1. Trattoria da Garibardi
If you want to experience high-quality, authentic Tuscan cuisine, Trattoria Garibardi is the place to go. They have the beloved stamp of approval from the AIC (Associazione Italiana Celiachia) and a separate but equally incredible menu for gluten-free diners. Everything on their gluten-free menu is to die for, but I could spend all night eating just their antipasti. I highly recommend trying the polpettine della nonna Tina (Grandma Tina’s meatballs) and ficattole, crudo e stracchino (fried pizza dough with ham and stracchino cheese).
Piazza del Mercato Centrale, 38R
2. Ciro & Sons
Ciro & Sons has a reputation for being one of the finest gluten-free restaurants in the city.
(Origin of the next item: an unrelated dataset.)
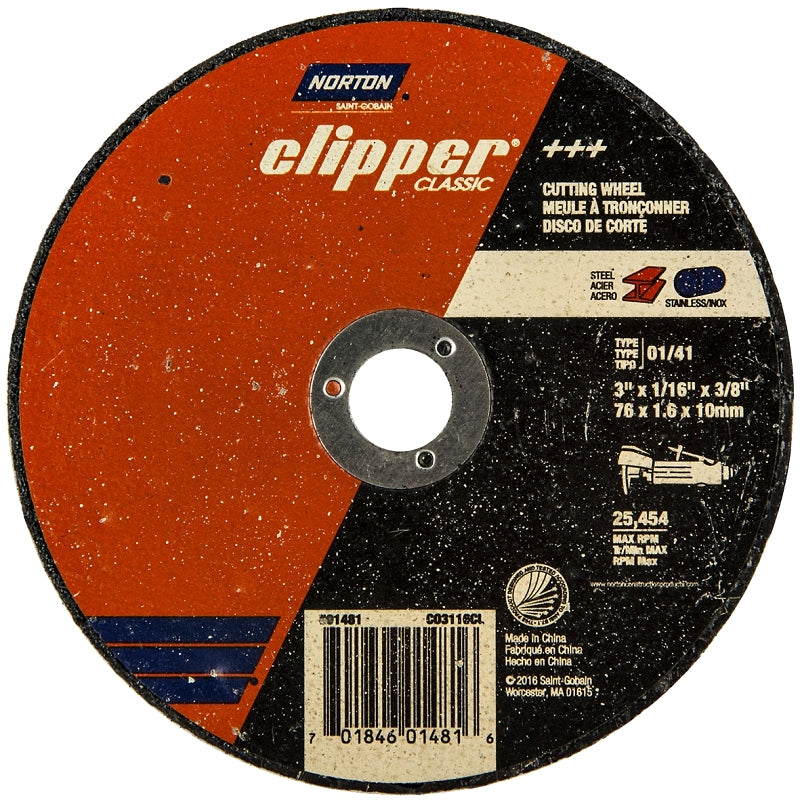Norton Clipper Classic A AO Series 70184601481 Cut-Off Wheel, 3 in Dia ...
As a part of the Associazione Verace Pizza Napoletana, they are the best place to get a Neapolitan style gluten-free pizza that will not disappoint. This charming restaurant is run by multiple generations of the family and you will feel like a part of the family by the time you finish your margherita pizza. The commitment to their Neapolitan roots and culinary traditions is apparent in both the food and their ability to make you feel at home. It’s like a little piece of Naples in the heart of Florence.
Via del Giglio, 28R
Unlike the previous two locations, Quinoa is 100 per cent gluten-free! That means no risk of cross-contact in the kitchen, which comes as a breath of fresh air. They were the first completely gluten-free restaurant to open in Florence and have continued to provide the celiac community with remarkable food. The menu ebbs and flows with the seasons, so it’s always a fresh glance into what’s growing locally in Tuscany while combining elements of oriental cuisine. My favorite part? They have a beautiful herb garden in their internal courtyard that supplies the kitchen with fresh herbs every day.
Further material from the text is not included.